ELLIS-AISA talk by Frank Hutter
We are pleased to announce an upcoming ELLIS-AISA talk by Frank Hutter (University of Freiburg) which will take place on July 13th, in room UN32.101 of the Vaihingen campus of the University of Stuttgart.
Deep Learning 2.0: Extending the Power of Deep Learning to the Meta-Level
Deep Learning (DL) has been incredibly successful, due to its ability to automatically acquire useful representations from raw data by a joint optimization process of all layers. However, despite this joint optimization of the network weights, current DL practice still requires substantial efforts to manually optimize on the meta-level to define the neural architecture and training hyperparameters for the data at hand. The next logical step is to jointly optimize these components as well, based on meta-level learning and optimization. I predict that this will allow the next generation of DL systems to simply accept data and user objectives to optimize for (which can, e.g., include fairness, robustness, uncertainty calibration, interpretability, etc) and to thereby provide a clean interface between domain experts (who best know the data and the relevant objectives for the application at hand, but do not need to be machine learning experts) on the one hand and the next-generation DL system on the other hand. In this talk, I will discuss several advances towards this goal, focussing on (1) the joint optimization of several meta-choices in the DL pipeline and (2) the efficiency of this meta-optimization, and (3) taking into account user objectives other than performance.

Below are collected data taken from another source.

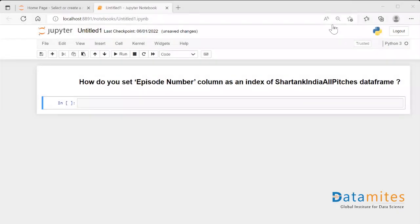Hey guys, today's pandas interview question is how do you set Episode Number column as an index of Shark Tank India All Pitches dataframe? So basically we have a dataframe Shark Tank India All Pitches and there's a column called Episode Number and we want to set it as an index of that particular dataframe.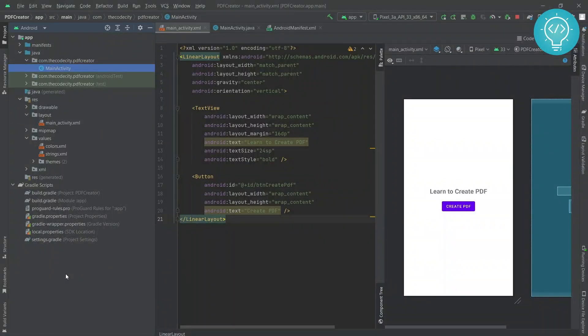Hello guys, today we will be creating a PDF file in an Android app. In this part we will learn how to create a basic PDF that will have 'Hello World'. In the next part we will see how we can create a PDF from an XML layout, or from any view that you have.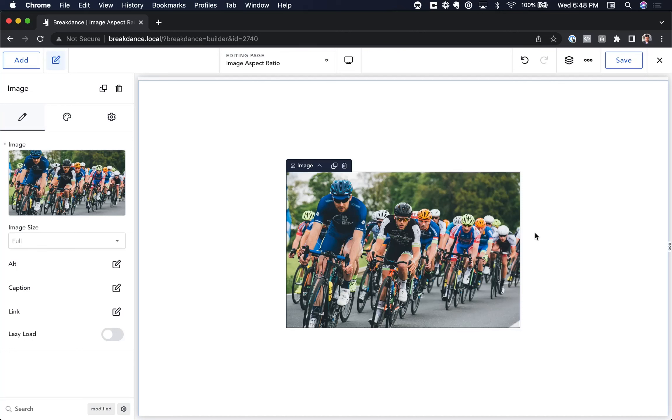Hey, this is Louis from Breakdance, and in this video, I want to show you how to use the Image Aspect Ratio control.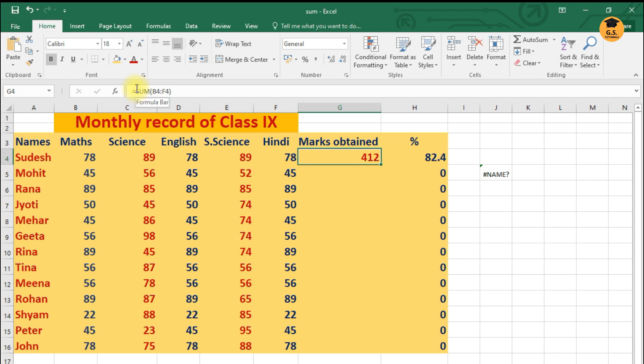Now formula me I'll just write =. Whenever you're writing the formula, you have to make use of equal sign. =SUM bracket me I write B4 ratio F4, thik hai.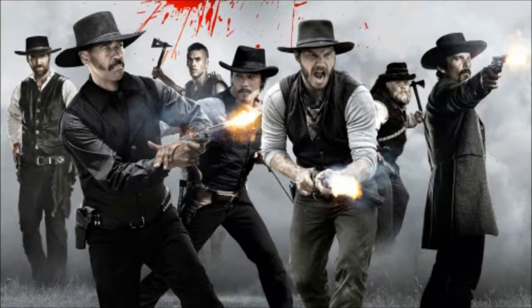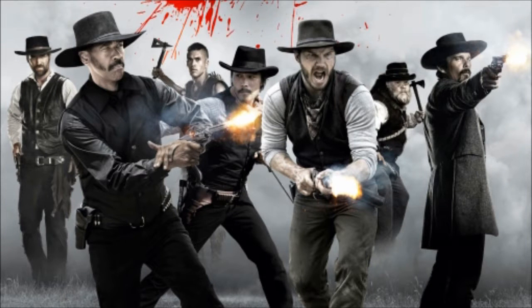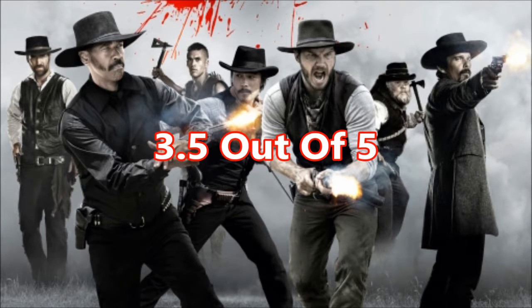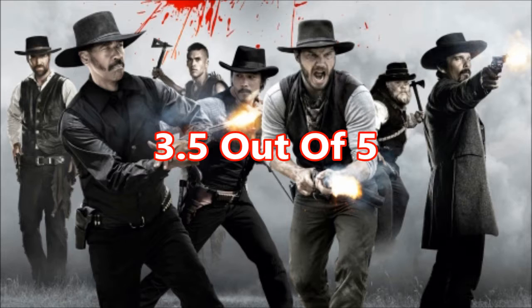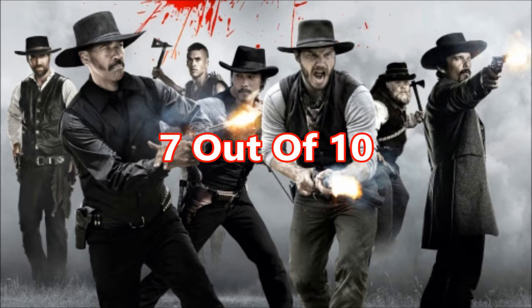I recommend it. My final verdict for The Magnificent Seven is 3.5 out of 5 stars. Or if you want to convert my score out of 10, 7 out of 10. Get it? Cuz 7, The Magnificent Seven, that's the title of this movie.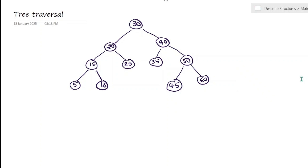Hello everyone, today we are going to see the most important concept in tree traversal. Since it was not explicitly mentioned in your syllabus, I did not teach this. But today, on the demand of one of your friends, I thought let me teach you tree traversal. This is actually a very important concept in trees itself. If it is not there for the exam, don't worry. But this is going to come in the next exam in data structures. It is very simple. I am going to explain how you can write the three different tree traversals in the easiest method possible.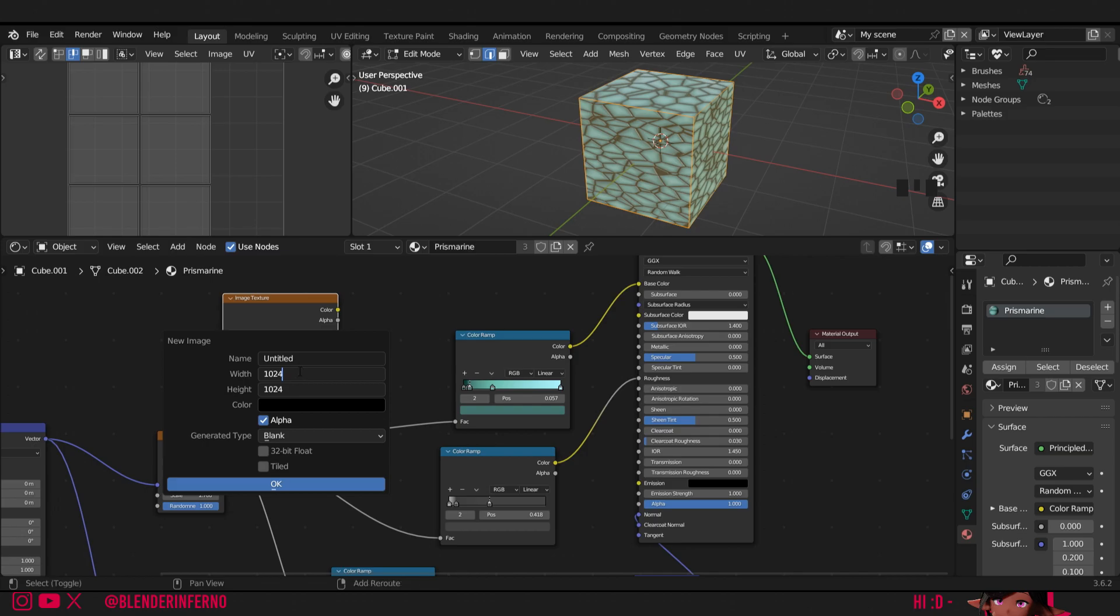Press shift and then the number 8 key which will create a star sign, and then 2 which will times it by 2. Then all I need to do is press enter. Now we've got our 2k texture. I'll uncheck the alpha channel and just press OK.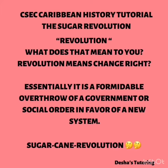Revolution — what does that mean to you, students? Revolution means change, right? Definitely. Revolution essentially is a formidable overthrow of a government or social order in favor of a new system.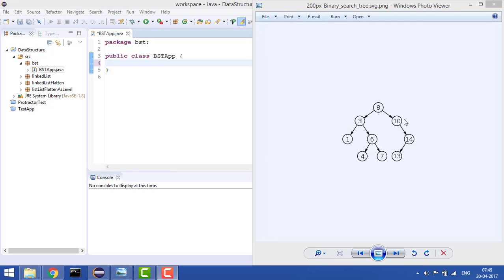But in a Binary Search Tree, the left node is always less than the parent node, and the right node is always greater than the parent node. Like in this case, three is less than eight and ten is greater than eight. One is less than three and six is greater than three. So for any node, the left child is always less than the parent and the right child is always greater than the parent. This is a Binary Search Tree.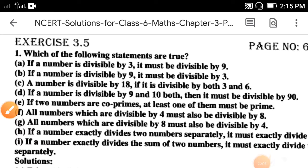Hello students, welcome back to class 6. Today we are going to start exercise 3.5, question number 1: which of the following statements are true? Part a: if a number is divisible by 3, it must be divisible by 9.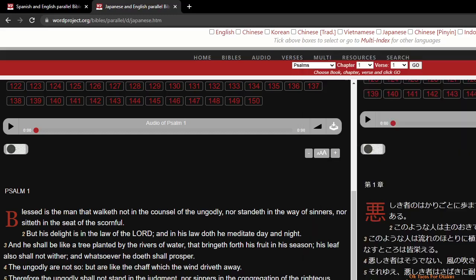Psalm 1. Blessed is the man that walketh not in the counsel of the ungodly, nor standeth in the way of sinners, nor sitteth in the seat of the scornful. But his delight is in the law of the Lord.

Frank Hutter is a Full Professor for Machine Learning at the University of Freiburg (Germany), as well as Chief Expert AutoML at the Bosch Center for Artificial Intelligence. Frank holds a PhD from the University of British Columbia (UBC, 2009) and a Diplom (eq. MSc) from TU Darmstadt (2004). He received the 2010 CAIAC doctoral dissertation award for the best thesis in AI in Canada, and with his coauthors, several best paper awards and prizes in international competitions on machine learning, SAT solving, and AI planning. He is a Fellow of ELLIS and EurAI and the recipient of 3 ERC grants. Frank is best known for his research on automated machine learning (AutoML), including neural architecture search and efficient hyperparameter optimization. He co-authored the first book on AutoML and the prominent AutoML tools Auto-WEKA, Auto-sklearn and Auto-PyTorch, won the first two AutoML challenges with his team, co-organized the ICML workshop series on AutoML every year 2014-2021, and is the general chair of the inaugural conference on AutoML 2022.
This talk is in collaboration with the Artificial Intelligence Software Academy of the University of Stuttgart.
Date: July 13, 2022
Place: Universitätstraße 32.101 (University of Stuttgart - Vaihingen Campus)
Looking forward to seeing you all there! No registration necessary.